For the latest project I’m working on, we’re using Django with Postgres. I was writing some code that had to find a list of objects that weren’t processed yet. The way they were stored in the DB is like so:
class SomeObject(models.Model): #some data class ProcessedObjectData(models.Model): some_object = models.ForeignKey(SomeObject, db_index = True) #some more data |
In this schema, SomeObject is the original object, and a ProcessedObjectData row is created as the result of the processing. You might argue that the two tables should be merged together to form a single table, but that is not right in our case: first, SomeObject “has standing on its own”. Second, we are interested in having more than one ProcessedObjectData per one SomeObject.

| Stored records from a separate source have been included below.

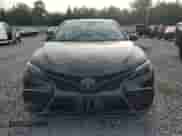 2021 Toyota Camry SE Nightshade z VIN 4T1G11AKXMU433871, wystawiony jako Copart lot #72013235 z przebiegiem 121 192 mil mil oraz Szkoda całkowita • Salvage title. Historia ofert i sprzedaży dostępna na DreamBid. Obrazek 5.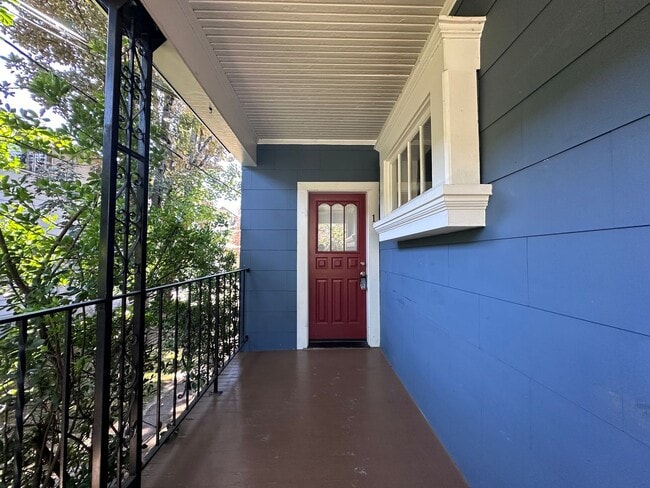 Photo - Charming Vintage Studio with Garden Access in Great Hawthorne Location! Unidad 1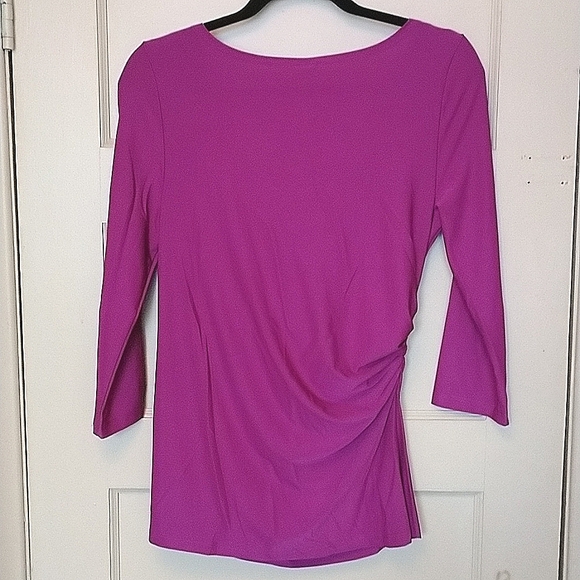 3/$30💜BNWOT Avon Size M Wrap Front Top - Picture 6 of 7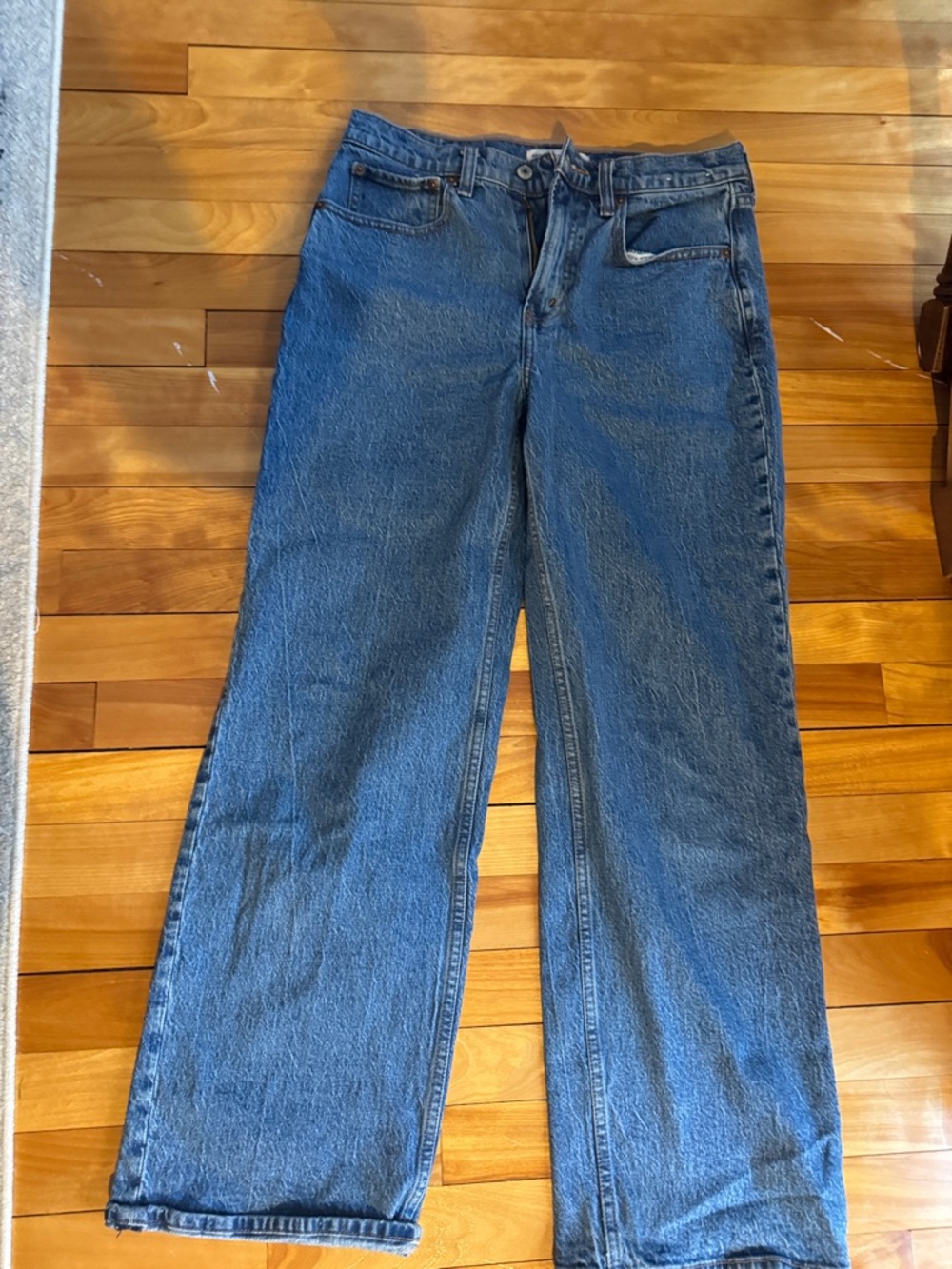 Abercrombie & Fitch Women's Straight-Leg Blue Jeans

Given this situation, I was interested in finding all the SomeObject’s that don’t have a certain type of ProcessedObjectData. A relatively easy way to express it (in Python + Django ORM) would be:
SomeObject.objects.exclude(id__in = ProcessedObjectData.objects.filter(...some_filter...).values('some_object_id')) |
Unfortunately, while this is reasonable enough for a few thousand rows (takes a few seconds), when you go above 10k and certainly for 100k objects, this starts running slowly. This is an example of a rule of mine:
Code is either fast or slow. Code that is “in the middle” is actually slow for a large enough data-set.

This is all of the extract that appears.